Mechanism: Timed NAD+ supplementation boosts SIRT1 activity, stabilizing the circadian clock and increasing melatonin synthesis while promoting autophagy and mitochondrial health. Readout: Readout: This intervention leads to a 20% increase in melatonin amplitude, reduced telomere attrition, a 15% drop in hsCRP, and a 0.3 SD improvement in cognitive scores.
Timed NAD+ boosting in the early morning will reinforce circadian amplitude and counteract age‑related melatonin loss. The hypothesis rests on two well‑established links: NAD+ fuels SIRT1 deacetylase activity, and SIRT1 directly stabilizes the core clock by deacetylating BMAL1 and PER2, thereby enhancing transcriptional oscillations Clock genes intersect with SIRT1 and FOXO3 longevity pathways. Stronger clock drives higher expression of NAMPT, the enzyme that salvages NAD+, creating a feed‑forward loop that raises cellular NAD+ levels specifically during the subjective day. Elevated NAD+ also fuels PARP‑mediated DNA repair in the suprachiasmatic nucleus, reducing oxidative lesions that otherwise blunt SCN firing Circadian disruption accelerates aging via oxidative stress and DNA damage. Because melatonin synthesis in the pineal gland depends on a robust circadian signal from the SCN, amplifying clock output should restore the youthful night‑time melatonin peak that declines with age.
We predict that a single dose of nicotinamide riboside (NR) administered at 08:00 h will increase melatonin amplitude by ≥20 % after four weeks, lengthen leukocyte telomere attrition rate by <10 % per year, lower high‑sensitivity CRP by ≥15 %, and improve composite cognitive scores by ≥0.3 SD versus placebo. A parallel arm receiving only morning bright‑light therapy (as shown to shift phase and add sleep) will serve to isolate the NAD+‑specific effect Optimized lighting improves sleep in shift workers. A third arm combining NR with morning light will test for additive benefits. All participants will wear actigraphs to verify sleep timing and duration, ensuring that any observed differences are not merely due to changes in sleep length.

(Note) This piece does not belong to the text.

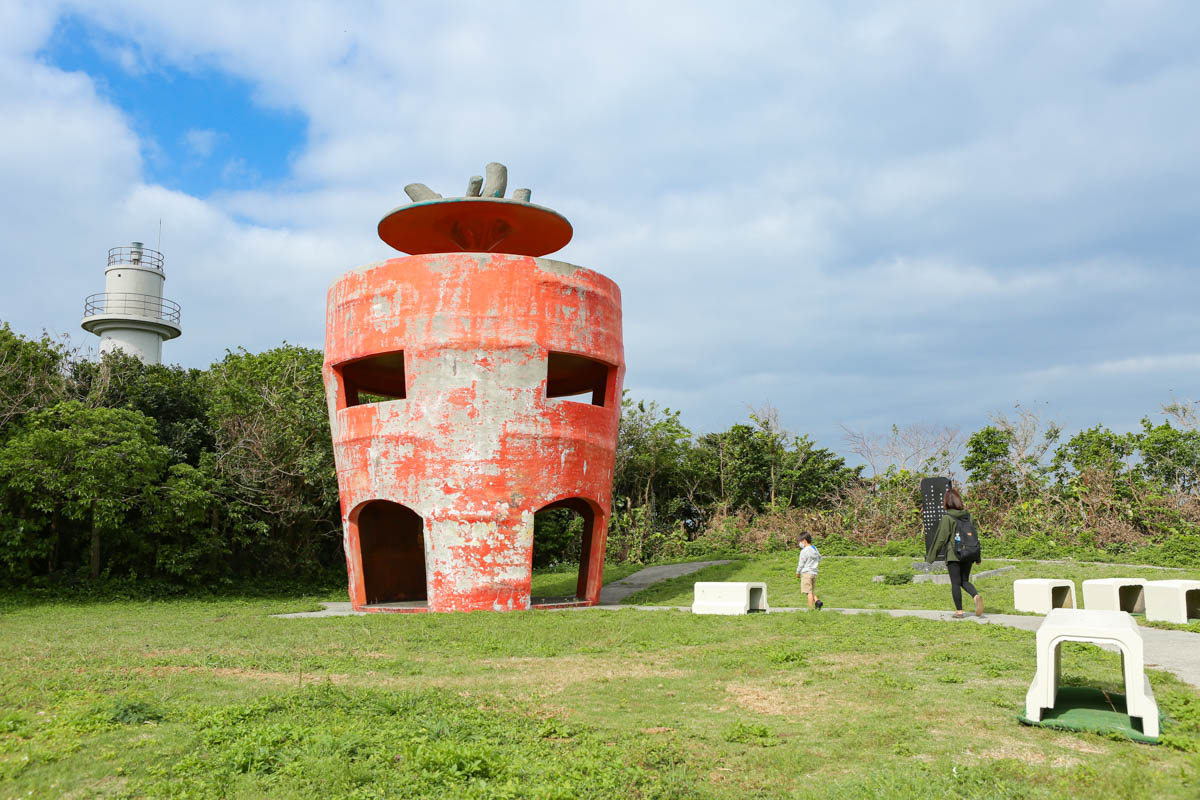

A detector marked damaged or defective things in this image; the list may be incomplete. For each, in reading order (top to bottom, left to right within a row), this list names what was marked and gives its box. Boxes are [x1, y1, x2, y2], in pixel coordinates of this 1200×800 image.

Mechanistically, we anticipate that heightened SIRT1 activity will also deacetylate FOXO3, promoting its nuclear translocation and up‑regulation of autophagy genes, thereby clearing damaged mitochondria in neurons and immune cells. Improved autophagy should further reduce inflammasome activation, contributing to the expected CRP drop. Additionally, increased NAD+ will support sirtuin‑dependent deacetylation of PGC‑1α, boosting mitochondrial biogenesis and reinforcing the metabolic rhythms that reinforce clock gene expression.

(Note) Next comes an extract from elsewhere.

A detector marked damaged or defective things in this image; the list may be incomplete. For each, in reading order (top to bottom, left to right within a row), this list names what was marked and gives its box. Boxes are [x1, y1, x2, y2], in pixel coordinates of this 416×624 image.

If the NAD+ group fails to show significant improvements in any of these pre‑specified outcomes, the hypothesis is falsified. Conversely, confirming the predicted changes would demonstrate that bolstering the NAD+‑SIRT1 clock axis is a mechanistic lever that can extend healthspan beyond what sleep duration alone achieves, offering a testable, chronobiology‑based intervention for aging populations.